SP Global's Adal Mirza writes from Dubai that the petroleum contracts and licencing directorate sent the final tender document outlining the bidding process and model for two proposed contracts to the companies on April 13, the oil ministry said.
The bid round, the country's fifth, includes 11 areas along the borders with Iraq and Kuwait and one offshore block in the Persian Gulf. Progress has been delayed over what contract model the government will use.
Some of the oil companies have previously complained over the commercial framework on offer, despite the "unequaled geological prospects" under the ground in the blocks.
Originally planned for May 7, oil ministry officials had been planning to delay the bid round to July due to the country's upcoming national and provincial elections, scheduled for April and May.

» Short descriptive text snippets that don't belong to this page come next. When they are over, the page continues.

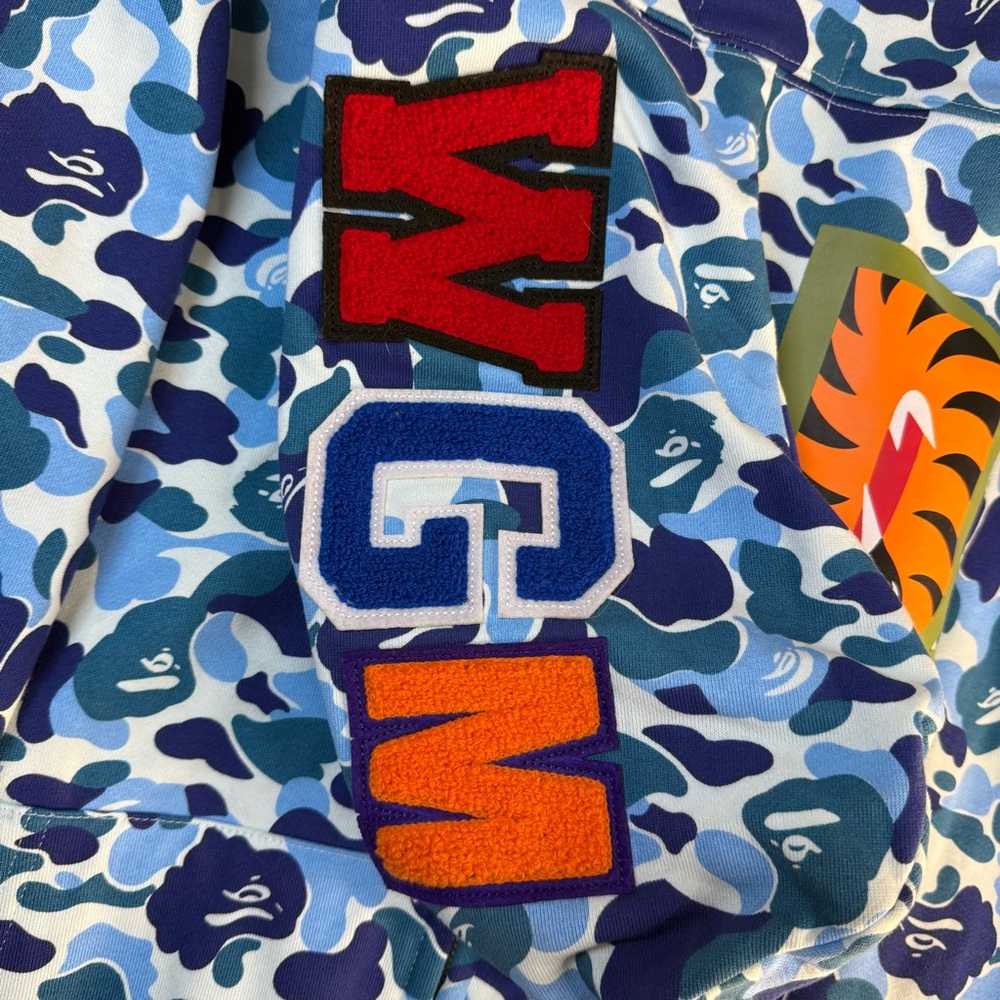 Bape Blue Camo Shark Zip Up Sweater - Picture 8 of 11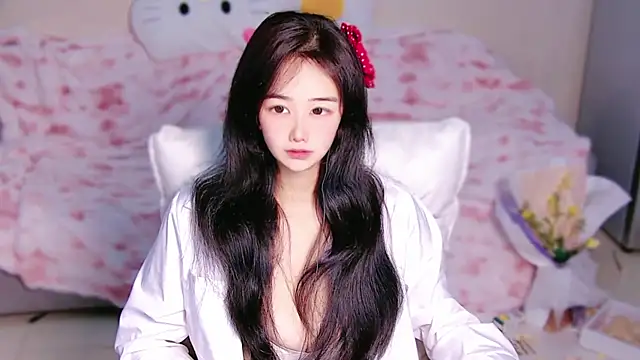 TaoTaobaby11 online show from May 26, 2026, 2:26 pm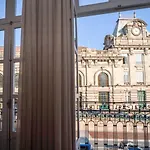 Locally Yours Sao Bento * Porto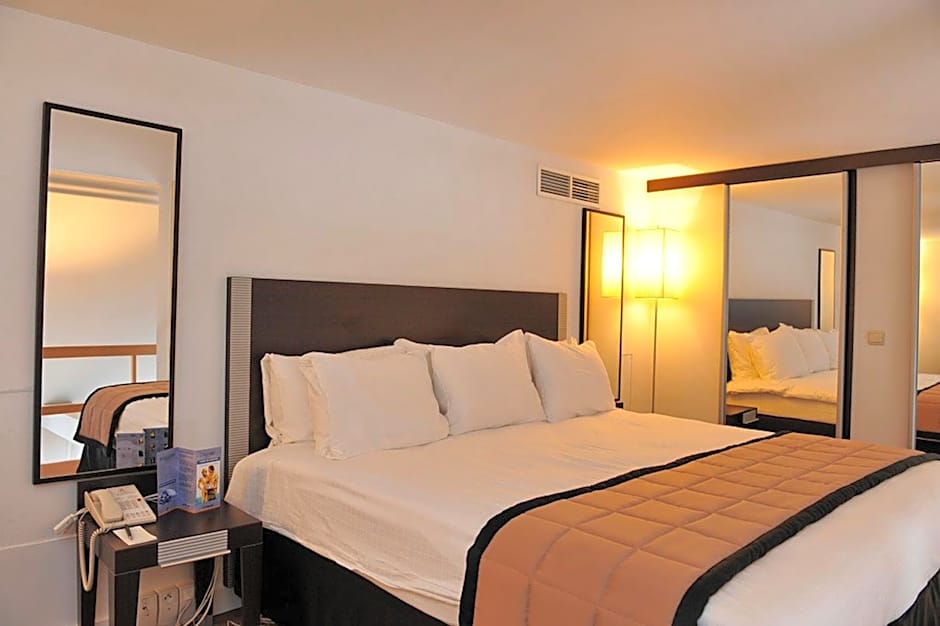 Progress Hotel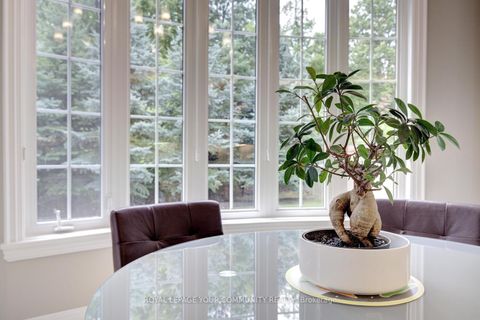 Photo 20 at 92 Heintzman Crescent, Patterson, Vaughan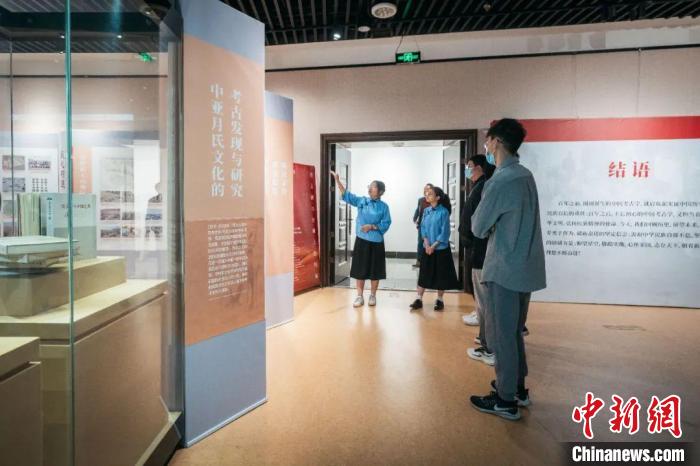 “丝路丹心——黄文弼与丝绸之路”特展在乐投平台开展。　马骞 摄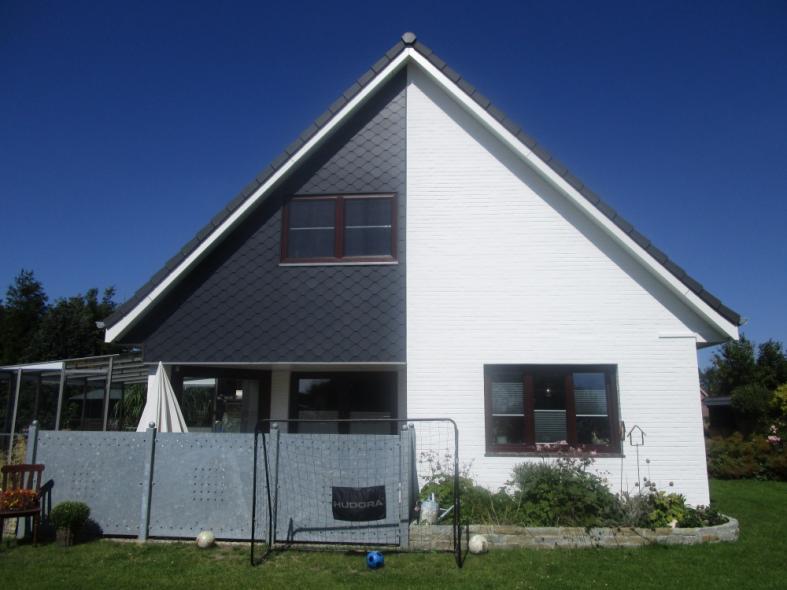 Fenster in anthrazit und braun bei zweifarbigem Haus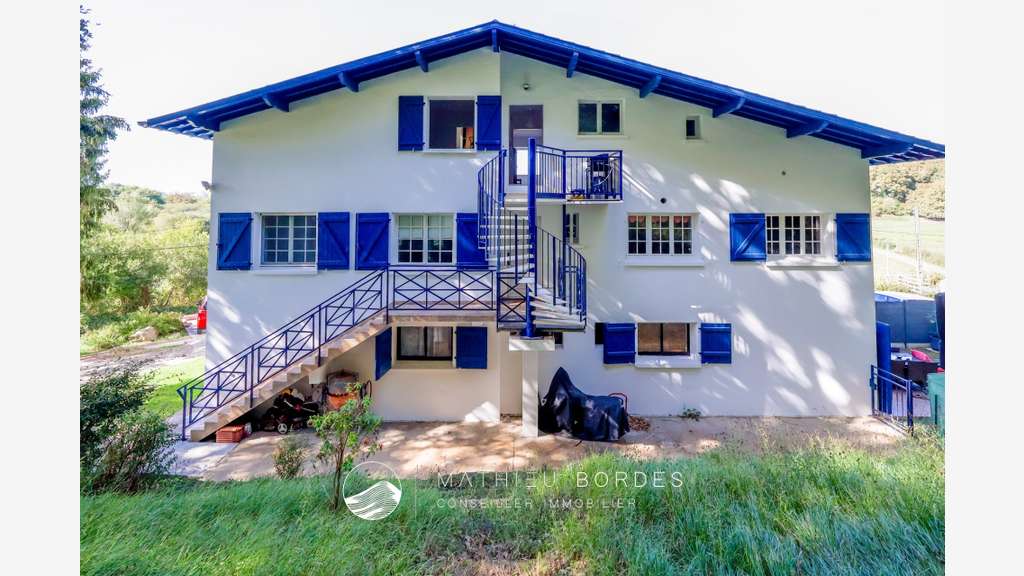 ENSEMBLE IMMOBILIER DE 309 M² - 3 APPARTEMENTS 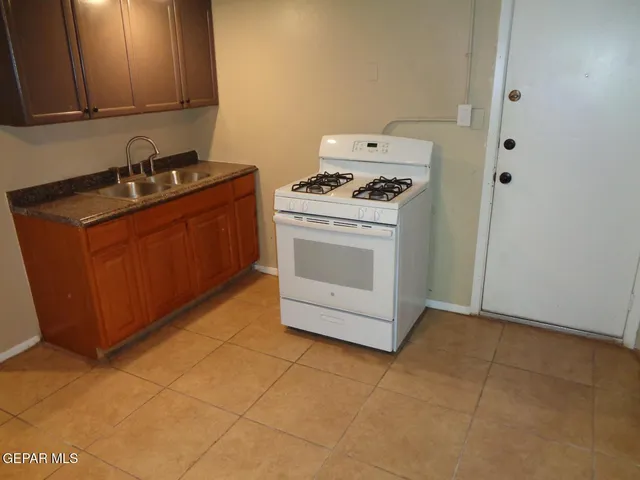 $695 | 1309 East Rio Grande Avenue, Unit 6, El Paso, TX 79902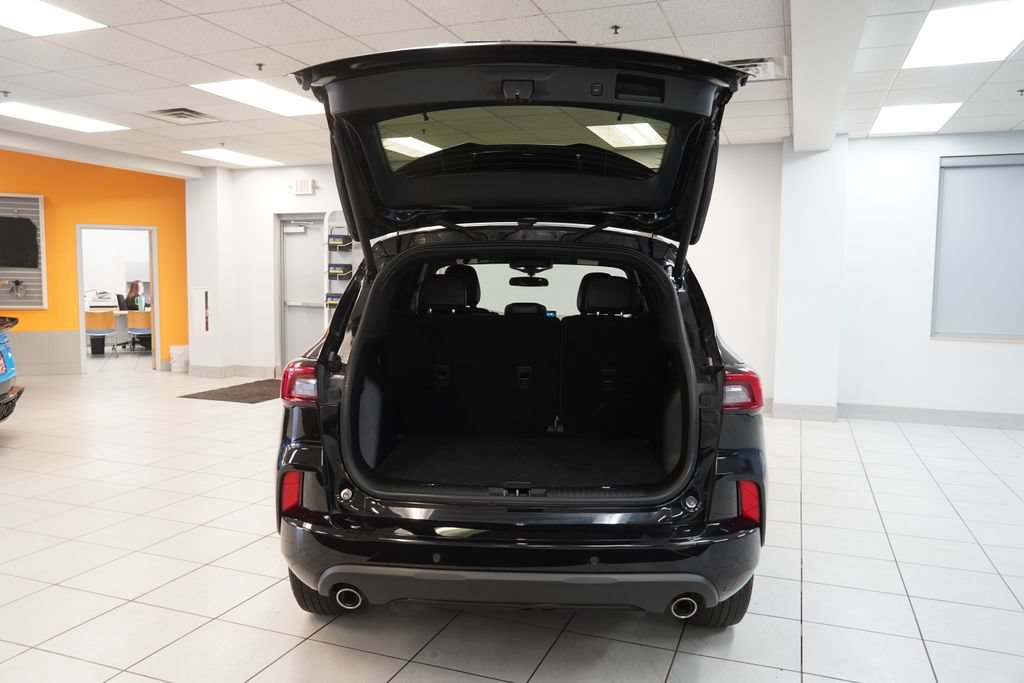 Used 2023 Ford Escape ST-Line Select w/ Tech Pack #1 AWD/4WD image 9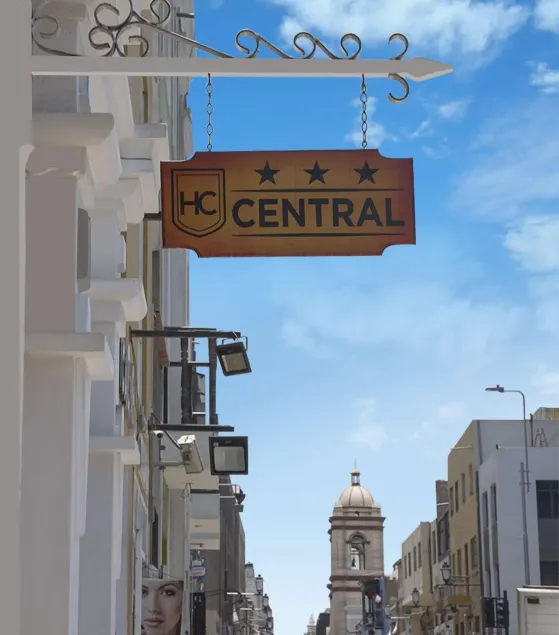 Hotel Central - Image 1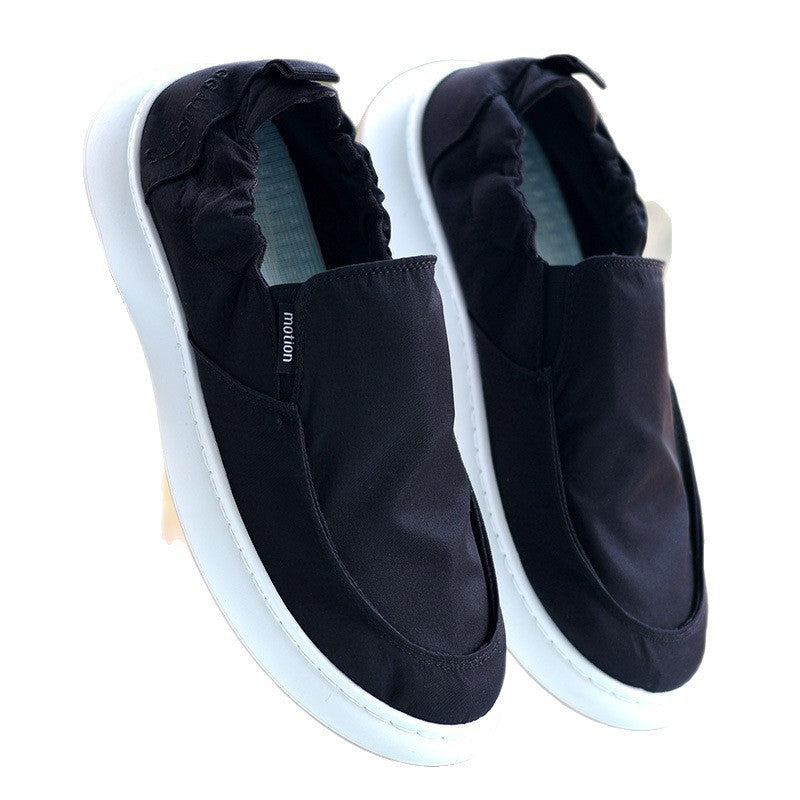 Damen Slip-On Sneakers mit flexiblem Obermaterial und rutschfester Sohle R&B
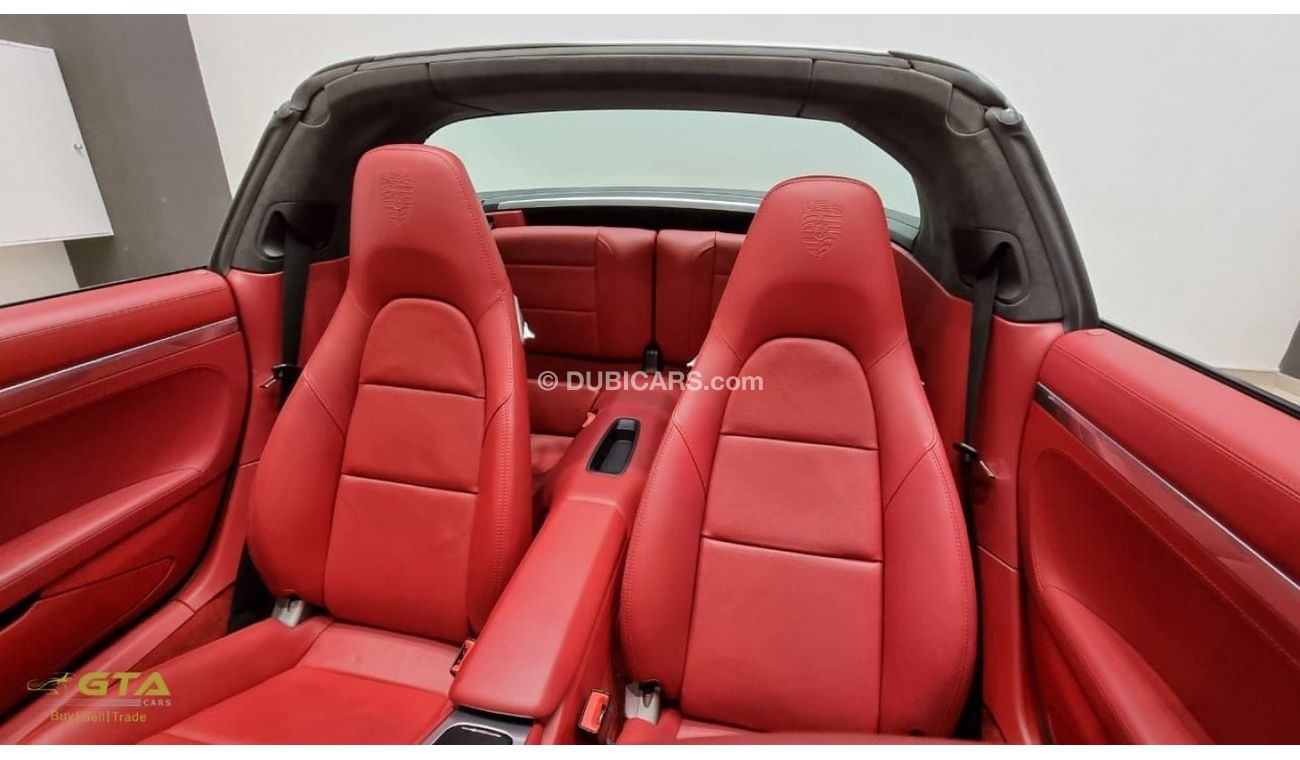 Porsche 911 2015 Porsche 911 TARGA 4, Full Service History, GCC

Oil company executives voiced their complaints over the previous April 15 deadline, saying they did not have time to prepare for the bid round. The oil ministry listed 16 international oil companies that have announced their intention to participate in the bid round out of 26 prequalified in January to take part.
Previous bidding rounds used technical service agreements, with specific contract models covering costs, and paid a remuneration fee for production. Some oil companies complained that the contract had too low a return on investment and was further marred by delayed payments and contract approvals.
The key changes under the new contract include cost recovery, which will be linked to oil prices. The payments for costs and profits will also be made in crude, rather than cash. The oil companies will also bid for a share of the block's revenue, rather than remuneration fees, as under previous bid rounds.
These were changed to reflect comments made by members of the Iraqi parliament and oil ministry, aimed at reducing development costs and to align the contract with oil market conditions.